Moving towards the actual tangible accomplishments, I have gotten pretty comfortable working with Surfaces, and drawing things to the screen. I started by drawing lines, and then moved on to drawing from the data file. The filesystem I had setup before had a few errors and I spent most of yesterday rooting them out. But it definitely paid off since now I can extract the various tiles, pictures and maps from the MPC file.

Today, I finally nailed down the drawing from file portion. Now that I have a good understanding how to extract data through the ScummVM API, I have managed to draw images and tiles to the game screen. Below is a screenshot of the Logo Screen, with a Ground Tile put on top.

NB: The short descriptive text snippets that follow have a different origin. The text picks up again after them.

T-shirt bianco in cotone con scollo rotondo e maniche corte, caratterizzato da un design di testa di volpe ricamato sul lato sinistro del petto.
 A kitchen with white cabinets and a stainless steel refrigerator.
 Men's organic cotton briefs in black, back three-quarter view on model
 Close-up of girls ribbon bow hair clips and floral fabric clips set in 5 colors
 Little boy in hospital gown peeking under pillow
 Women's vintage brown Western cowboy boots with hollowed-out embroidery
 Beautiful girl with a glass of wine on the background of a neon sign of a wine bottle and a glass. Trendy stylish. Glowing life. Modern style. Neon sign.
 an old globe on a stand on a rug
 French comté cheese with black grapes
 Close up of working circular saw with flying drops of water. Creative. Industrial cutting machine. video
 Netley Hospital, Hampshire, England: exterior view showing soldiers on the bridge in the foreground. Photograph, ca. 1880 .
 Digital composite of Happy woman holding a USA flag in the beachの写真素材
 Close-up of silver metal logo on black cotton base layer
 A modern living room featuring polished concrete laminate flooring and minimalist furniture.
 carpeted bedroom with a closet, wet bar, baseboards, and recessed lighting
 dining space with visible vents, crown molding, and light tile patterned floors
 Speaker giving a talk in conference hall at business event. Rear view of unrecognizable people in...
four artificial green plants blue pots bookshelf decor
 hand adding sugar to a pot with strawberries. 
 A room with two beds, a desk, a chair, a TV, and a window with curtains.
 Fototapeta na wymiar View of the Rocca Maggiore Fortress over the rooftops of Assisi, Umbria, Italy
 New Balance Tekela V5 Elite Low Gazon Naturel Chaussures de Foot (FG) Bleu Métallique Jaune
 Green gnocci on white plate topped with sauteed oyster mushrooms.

As far as Lua is concerned, I’m just getting started with it and its my next target. From the Lua code I have read in other engines, it seems I have write an extended Lua interpreter with code extensions. Seems doable, but I’m still trying to get a feel for the Lua-C API. As far as the compatibility problem is concerned, I’m going to go ahead with 5.1.3 right on, and add the compatibility file if errors start propping up.

Objectives

  1. Setup the LuaScript code so I can load and execute Lua chunks.
  2. Understand the existing Lua code further, namely how to extend the default interpreter with new functions.
  3. Once the Lua system properly works, I can try to load the Lua and execute portions of the game.